He had an intense love and an intimate knowledge of the countryside,
its villages and particularly its churches, which had been fostered by his
having, in youth and early manhood, spent his week-ends and holidays walking
and camping. In his early business life, he lived at Streatham but some time
before his marriage he purchased an old cottage and some acres of land at
Amersham; he modernized and enlarged the building and brought a considerable
area of the land under cultivation. The garden was an abiding joy to him; the
house at Amersham was his home for some 40 years and he left it only a few
months before his death, when his health was beginning to fail. He was fond of
sketching and painting and had some considerable talent, exhibiting a number of
watercolours at the Buckinghamshire Art Society, of which he was for a time
President. He was a great reader and a lover of the poets and, with his superb
memory, could quote extensively from them; in his youth he had himself tried
his hand at composing poetry.
He took a considerable interest
in genealogy; he became a Fellow of the Society of Genealogists and contributed
to that Society a paper on the family connexions of William Morgan.

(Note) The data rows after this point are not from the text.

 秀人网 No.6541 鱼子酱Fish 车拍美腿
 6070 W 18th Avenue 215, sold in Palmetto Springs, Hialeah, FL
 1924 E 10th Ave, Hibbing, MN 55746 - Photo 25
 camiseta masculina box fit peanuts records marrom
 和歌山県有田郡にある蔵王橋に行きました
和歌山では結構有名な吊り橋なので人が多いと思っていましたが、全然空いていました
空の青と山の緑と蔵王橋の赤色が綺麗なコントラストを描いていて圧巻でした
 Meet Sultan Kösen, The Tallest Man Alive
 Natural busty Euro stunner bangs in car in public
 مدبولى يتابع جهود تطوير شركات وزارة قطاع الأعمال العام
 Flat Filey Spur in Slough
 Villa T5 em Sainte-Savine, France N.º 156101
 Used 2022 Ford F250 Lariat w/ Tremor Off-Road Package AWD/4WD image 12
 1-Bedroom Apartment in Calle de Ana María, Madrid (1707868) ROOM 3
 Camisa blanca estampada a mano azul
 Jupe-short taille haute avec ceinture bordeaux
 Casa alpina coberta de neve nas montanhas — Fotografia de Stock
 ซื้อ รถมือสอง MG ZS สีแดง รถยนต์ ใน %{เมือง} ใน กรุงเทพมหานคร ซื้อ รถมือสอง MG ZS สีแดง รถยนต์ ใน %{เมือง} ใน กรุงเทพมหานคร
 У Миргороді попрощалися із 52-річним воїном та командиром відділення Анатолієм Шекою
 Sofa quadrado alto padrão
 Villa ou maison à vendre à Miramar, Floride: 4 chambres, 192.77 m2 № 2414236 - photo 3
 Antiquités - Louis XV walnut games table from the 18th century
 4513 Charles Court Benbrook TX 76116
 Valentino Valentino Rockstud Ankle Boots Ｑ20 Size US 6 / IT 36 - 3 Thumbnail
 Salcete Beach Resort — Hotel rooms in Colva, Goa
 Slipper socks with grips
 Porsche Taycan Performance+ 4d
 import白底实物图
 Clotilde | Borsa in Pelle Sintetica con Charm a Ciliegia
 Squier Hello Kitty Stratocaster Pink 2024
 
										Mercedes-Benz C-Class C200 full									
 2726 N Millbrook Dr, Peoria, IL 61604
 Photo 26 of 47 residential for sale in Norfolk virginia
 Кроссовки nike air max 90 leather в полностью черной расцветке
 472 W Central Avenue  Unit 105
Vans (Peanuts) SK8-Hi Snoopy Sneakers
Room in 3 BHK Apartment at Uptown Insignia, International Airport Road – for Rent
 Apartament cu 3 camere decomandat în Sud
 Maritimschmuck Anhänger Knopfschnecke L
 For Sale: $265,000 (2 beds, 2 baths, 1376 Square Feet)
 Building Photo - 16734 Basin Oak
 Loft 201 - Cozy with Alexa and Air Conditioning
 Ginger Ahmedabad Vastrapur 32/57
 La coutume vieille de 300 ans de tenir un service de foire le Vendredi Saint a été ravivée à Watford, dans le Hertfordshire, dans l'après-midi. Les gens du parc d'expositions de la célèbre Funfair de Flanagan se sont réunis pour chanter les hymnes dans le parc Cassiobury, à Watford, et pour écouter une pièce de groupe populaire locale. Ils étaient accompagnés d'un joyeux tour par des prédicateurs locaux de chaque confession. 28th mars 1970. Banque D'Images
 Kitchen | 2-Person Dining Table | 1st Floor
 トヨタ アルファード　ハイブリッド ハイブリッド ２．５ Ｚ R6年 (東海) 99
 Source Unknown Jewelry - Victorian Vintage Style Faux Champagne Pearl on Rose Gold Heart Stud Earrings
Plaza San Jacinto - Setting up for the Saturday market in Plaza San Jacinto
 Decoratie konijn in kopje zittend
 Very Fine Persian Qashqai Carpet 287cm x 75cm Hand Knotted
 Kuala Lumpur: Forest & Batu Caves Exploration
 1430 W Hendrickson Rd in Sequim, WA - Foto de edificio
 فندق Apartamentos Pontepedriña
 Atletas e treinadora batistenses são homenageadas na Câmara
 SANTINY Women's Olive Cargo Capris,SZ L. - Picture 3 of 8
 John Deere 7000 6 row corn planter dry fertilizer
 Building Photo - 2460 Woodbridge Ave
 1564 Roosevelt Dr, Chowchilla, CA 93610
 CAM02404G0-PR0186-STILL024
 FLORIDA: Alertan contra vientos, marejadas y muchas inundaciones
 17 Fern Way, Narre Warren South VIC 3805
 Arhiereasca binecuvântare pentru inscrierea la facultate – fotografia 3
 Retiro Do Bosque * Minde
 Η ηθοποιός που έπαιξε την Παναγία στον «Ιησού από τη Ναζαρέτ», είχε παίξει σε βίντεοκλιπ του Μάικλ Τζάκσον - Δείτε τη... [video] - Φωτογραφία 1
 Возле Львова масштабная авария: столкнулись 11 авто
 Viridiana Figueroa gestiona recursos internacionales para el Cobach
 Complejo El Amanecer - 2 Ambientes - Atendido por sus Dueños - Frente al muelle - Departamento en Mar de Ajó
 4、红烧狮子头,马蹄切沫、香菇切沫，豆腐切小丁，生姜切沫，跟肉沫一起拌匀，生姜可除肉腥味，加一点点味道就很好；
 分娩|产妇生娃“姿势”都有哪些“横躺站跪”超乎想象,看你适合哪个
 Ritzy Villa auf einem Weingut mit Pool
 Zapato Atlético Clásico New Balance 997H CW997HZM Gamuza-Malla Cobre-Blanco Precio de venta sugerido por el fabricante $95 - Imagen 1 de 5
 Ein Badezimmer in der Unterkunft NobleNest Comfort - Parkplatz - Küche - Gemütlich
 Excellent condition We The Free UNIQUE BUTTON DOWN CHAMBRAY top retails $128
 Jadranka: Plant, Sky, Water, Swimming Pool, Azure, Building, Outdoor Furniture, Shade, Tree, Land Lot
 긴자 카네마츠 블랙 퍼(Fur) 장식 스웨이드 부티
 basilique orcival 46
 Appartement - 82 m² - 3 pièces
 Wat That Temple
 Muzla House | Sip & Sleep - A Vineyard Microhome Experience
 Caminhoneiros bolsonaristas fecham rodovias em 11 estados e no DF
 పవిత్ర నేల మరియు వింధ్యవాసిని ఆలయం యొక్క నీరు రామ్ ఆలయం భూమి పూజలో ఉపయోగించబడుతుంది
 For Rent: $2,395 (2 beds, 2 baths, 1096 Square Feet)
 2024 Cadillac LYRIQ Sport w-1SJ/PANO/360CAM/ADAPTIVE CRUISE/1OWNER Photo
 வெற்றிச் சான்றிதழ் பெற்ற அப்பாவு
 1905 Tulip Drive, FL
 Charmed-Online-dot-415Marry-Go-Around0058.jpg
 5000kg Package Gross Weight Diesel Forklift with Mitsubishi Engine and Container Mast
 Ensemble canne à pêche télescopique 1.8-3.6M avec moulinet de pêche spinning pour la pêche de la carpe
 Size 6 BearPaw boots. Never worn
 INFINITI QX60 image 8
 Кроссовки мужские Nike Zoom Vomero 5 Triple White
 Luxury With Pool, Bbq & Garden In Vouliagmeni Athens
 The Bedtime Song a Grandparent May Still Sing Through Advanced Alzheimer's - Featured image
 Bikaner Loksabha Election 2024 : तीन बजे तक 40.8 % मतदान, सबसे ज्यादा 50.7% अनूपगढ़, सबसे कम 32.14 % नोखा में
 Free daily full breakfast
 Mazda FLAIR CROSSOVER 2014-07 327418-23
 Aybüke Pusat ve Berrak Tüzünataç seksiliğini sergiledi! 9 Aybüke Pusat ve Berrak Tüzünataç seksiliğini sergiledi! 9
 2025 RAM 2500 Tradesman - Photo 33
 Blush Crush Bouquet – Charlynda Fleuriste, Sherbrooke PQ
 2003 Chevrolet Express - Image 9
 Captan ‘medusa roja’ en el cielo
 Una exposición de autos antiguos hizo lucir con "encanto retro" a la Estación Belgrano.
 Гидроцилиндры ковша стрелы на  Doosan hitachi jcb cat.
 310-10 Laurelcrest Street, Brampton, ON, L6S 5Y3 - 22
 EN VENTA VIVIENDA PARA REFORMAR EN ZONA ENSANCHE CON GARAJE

He was married in 1920 to Enid Muriel Podmore, whose home before her
marriage was at Grange-over-Sands; she and her family were interested in
teaching. It was an ideally happy marriage; many of Elderton’s interests he
shared with his wife-his love of the countryside, of his home, of literature
and the arts. She was a great support and comfort to him; a good linguist, she
was able to lend him practical assistance in his reviewing of some of the
foreign actuarial journals. Lady Elderton, who was some years younger than her
husband, survives him. There was one child of the marriage, Hubert, who
followed his father to Merchant Taylors’ School and later went up to Oxford
before service in the Armed Forces during the Second World War; he is now
living in South Africa.
As also seen in the above mentioned memoir
During the First World War Elderton served with Sir Alfred Watson as
statistical adviser to the Ministry of Shipping, and his work was recognized by
the award of the C.B.E. after the cessation of hostilities. He was also
honoured by the French Government, who made him a Chevalier of the Legion of
Honour. He carried out similar duties in the Second World War, ultimately
becoming chief statistical adviser to the Ministry of War Transport when that
organization came into being as a result of the merging of the Ministry of
Shipping and the Ministry of Transport. For his services in this capacity, he
was created a K.B.E. in 1946; a knighthood had already been conferred on him in
1938.
So as we learned last week, Gilbert Walter Palin may have
initiated William Palin Elderton’s interest in the family history or at least
added to it. I would love to see if I could
get a copy of that genealogy paper that Sir William Palin Elderton submitted to
the Society of Genealogists. I wonder
how far back he could trace his Palin side of his family tree.
I also wonder if Sir William Palin Elderton ever met Thomas
Basset Macaulay, President of Sun Life Assurance. Not only were they both esteemed actuaries
but they were also related by marriage.